3/20 STO Jan 08 25 @ 7.90, had a GTC order to BB @ 6.10. The stock went steadily up and is now at 40.16 and the option is 16.00 (-8.10 to BB)

Any ideas?


My Response: I have stated for years that short-term covered call positions are great if they are assigned, but not so great if they are not.  The two philosophies, and what to do when 'stuff happens' are about as different as night and day.  In responding to this question, you will notice a conflict between the two approaches.  I would ask you to consider this thought process as you evaluate the response.  Which philosophy requires the writer to be correct in their decision (or position) in order for the strategy being suggested to 'work'.
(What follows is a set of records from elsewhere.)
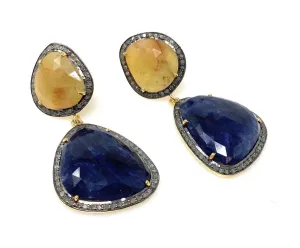 Rare Yellow and Blue Sapphire Pave Diamond Earrings, Sapphire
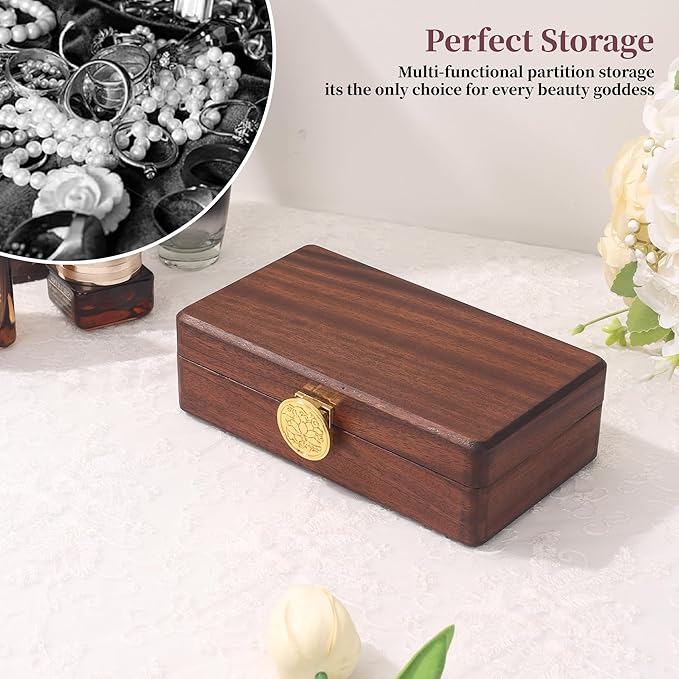 Travel Jewelry Case Wood Small Jewelry Box for Women Wood Jewelry Organizer Storage Holder For Earrings Rings Necklaces Velvet Wooden Jewelry Box With Lock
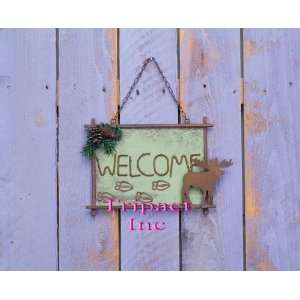    13.5 Metal Wood Home Décor Moose Welcome Sign: Home & Kitchen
We all know that when a strategy works, there is no 'issue', the key then, is in knowing what to do when a strategy does not work. Having said that, take a look at a price chart of RDC from October of 2006 through June 26, 2007. What the writer sees is a stock that was up-trending nicely in October, November and into mid December of 2006.
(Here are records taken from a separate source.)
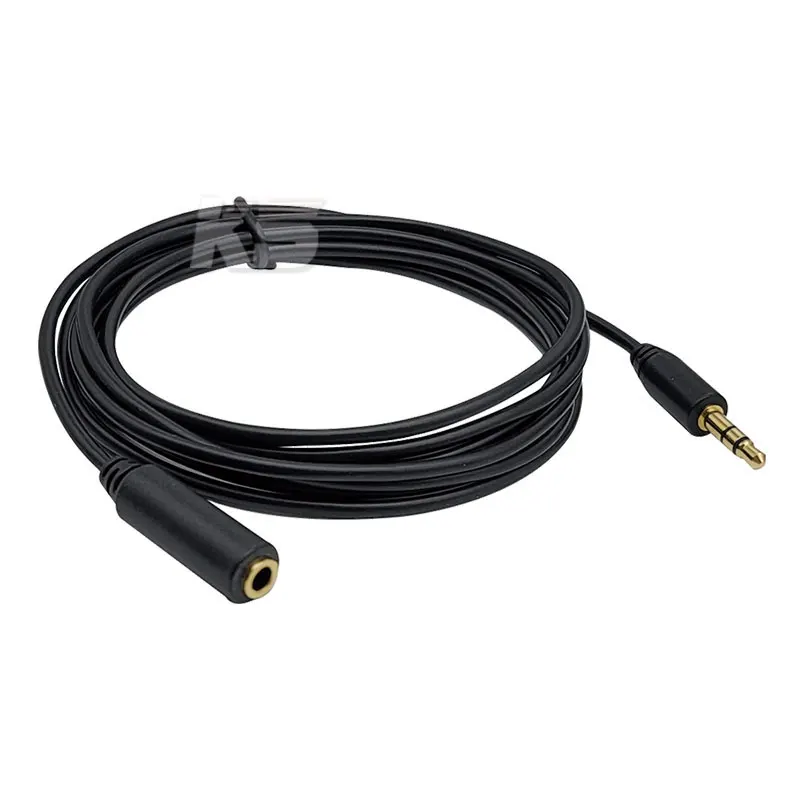 

3.5mm Jack Audio Cable Mono Male to Female Right Angle Black Extension Adapter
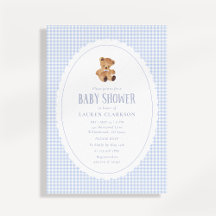 Invitación de Baby Shower de Oso de Peluche con Cu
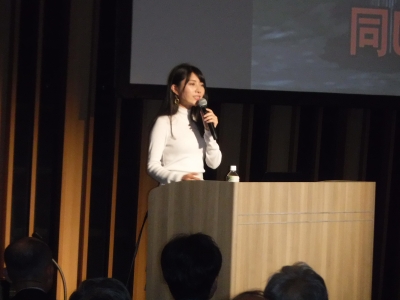 講演を行う気象予報士／防災士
The calls that were sold were not provided, but obviously they were short-term given that the new (existing option) was sold on March 20, 2007.  Now it is obvious that this is an isolated example, but imagine where this writer would be if a normal SysCW position would have been established in December of 2006.  With the stock trading at $35.31, the writer would have either used a June option or a January 2008 LEAP at the $35 strike price.  Why?  Because 'nobody knows', and because this is true the process requires two guidelines to be met:

  1. We want at least 15% of the amount invested back in our hands the day the first call is written.
  2. We also want an position where if the stock is assigned, we are 'happy' with the annualized return.

Once again . . . a short-term position is great if it works . . . but in order for it to work, the stock must do something, or not do something, in a relatively short period of time.  In other words, you have to be 'right'. With the SysCW thought process, it is 'okay; if you are wrong, because the position has already provided the writer with at least 15% downside protection.

Okay . . . back to this situation.  On March 20, 2007, RDC traded between  $31.62 and 32.84. Here we come to another major difference in strategy approach.  'They' suggest selling a long-term ("far out") option, and then buy it back when a gain on the option of 4 to 5% has been realized. They even provide a rule for which strike price to select.  The difference in opinion lies in the fact that SysCW would never suggest selling a call that is below the current trading price of a depressed stock.  The only way that 'strategy' can work is if the stock stays where it is, or loses value. This requires the writer to be 'right', when everyone knows that if fact . . . nobody knows!

Notice that with the first call, they suggest short-term and making money because the stock is going to hold or appreciate.  Then, if wrong, their strategy suggests making money with calls that are losing value because the same stock is now losing value!  Seems to this writer like a lot is riding on the investor being correct and switching strategies midstream. Again . . . if you are right, it will work. The question becomes . . . what if you are wrong?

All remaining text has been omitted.